Minimizing/Maximizing Area of Concern Discussion

This sampling routine identifies new sample locations where concentration levels predicted by the geospatial model would result in an area of concern that is less than (minimize) or greater than (maximize) the current area of concern. The idea is simple in concept but can be computationally very intensive.

Consider SADAs approach to other geospatially-based secondary sample designs, such as the high value design. If K new samples are requested and the user chooses to perform a simulated sample design, then SADA will initially contour the area and explore all nodes to identify the node with the highest modeled value. The location of this node then becomes a new sample location.

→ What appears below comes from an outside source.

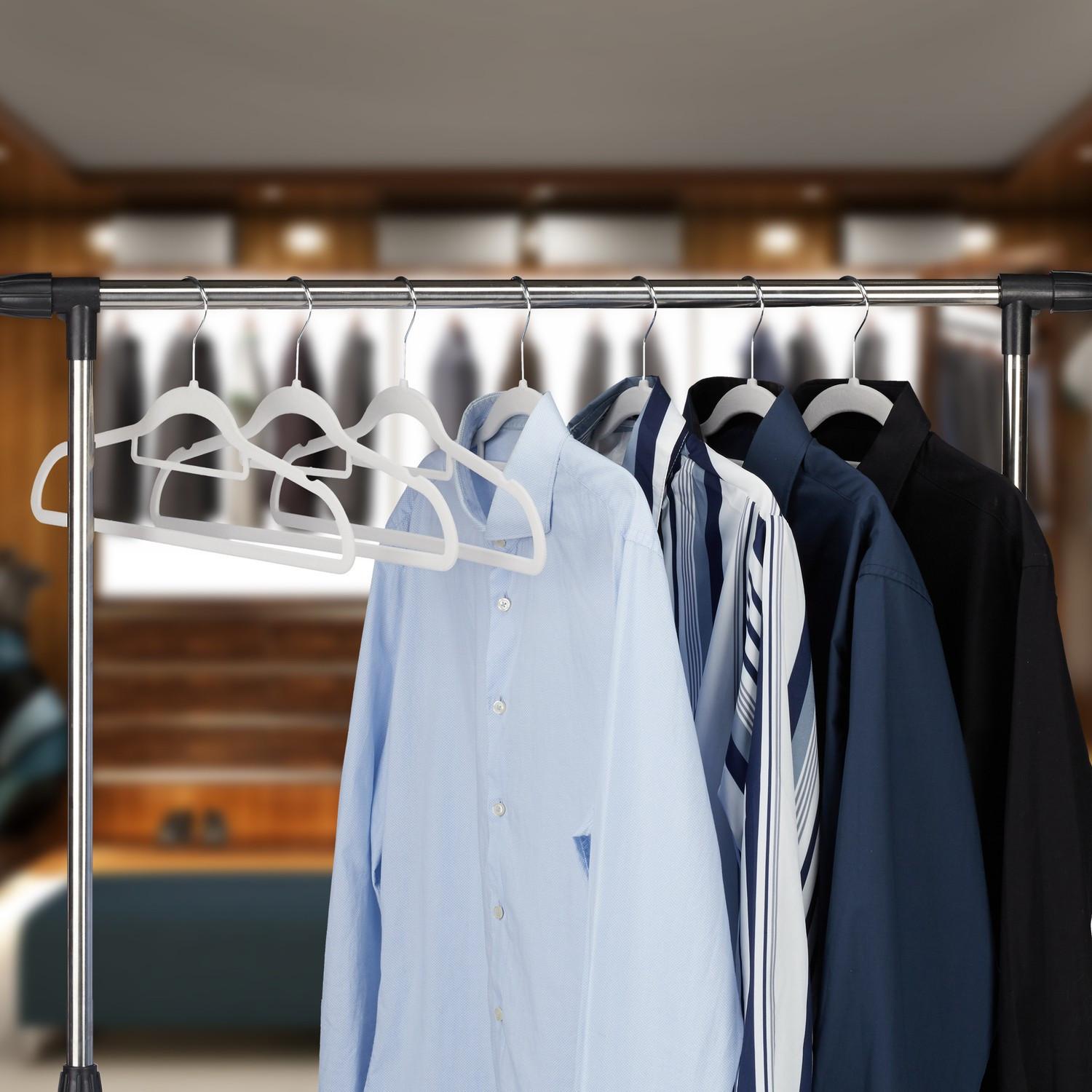 B2X Kleiderbügel aus Samt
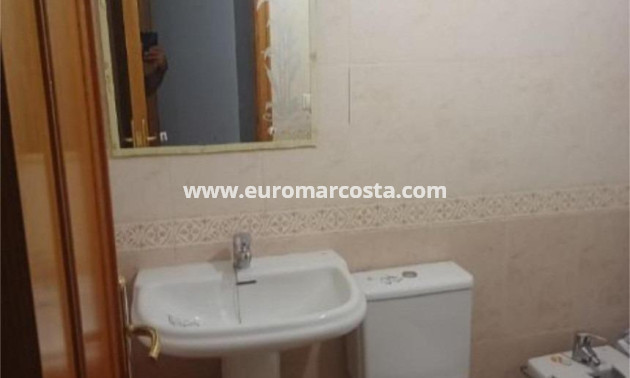 Sale - Apartment / flat - Almoradi - Almoradí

The site is then re-contoured using the predicted value at the node as if it were a real sample point. The site is then re-explored to find the next highest predicted value. So for K new samples, the site is re-contoured K times. The total number of block estimations, N, would estimated as

N = K x (B-1) - 1

Where B is the number of blocks to be estimated in the volume. So, for a trivial three-dimensional application of 4x4 blocks and 2 layers (32 blocks), a site would be contoured 10 times to get 10 new samples or 309 blocks. Typically, applications of 100x100 with 5 layers take a few seconds to a couple of minutes to complete on most computers.

Note that this is an estimation, since some actual samples could inadvertently exist at a node value, reducing the number of blocks to estimate. This rarely occurs in practice. N can be a large number and require some time for large values of B.

This approach is not feasible for determining which sample node would reduce or increase the area of concern. A simple exploration of node values will not identify which node produces a reduction/increase in the area of concern. Rather for each new sample, the site would have to be re-contoured for each node using that nodes value as a simulated sample value. SADA would then choose the node that result in the smallest or greatest area of concern as a sample. This results in unacceptably high computational time. In particular, the number of calculations would be estimated as

N = B! (B-K)!

Consider a trivial three-dimensional scheme with 4x4 blocks and 2 layers (32 blocks). To identify 2 new samples, minimizing or maximizing the area of concern would require the site to be re-contoured N = 32! (32-2)! = 32!-30! = 2.62E+35. It is fairly common to see 100x100 blocks with 5 or more layers (B=50,000).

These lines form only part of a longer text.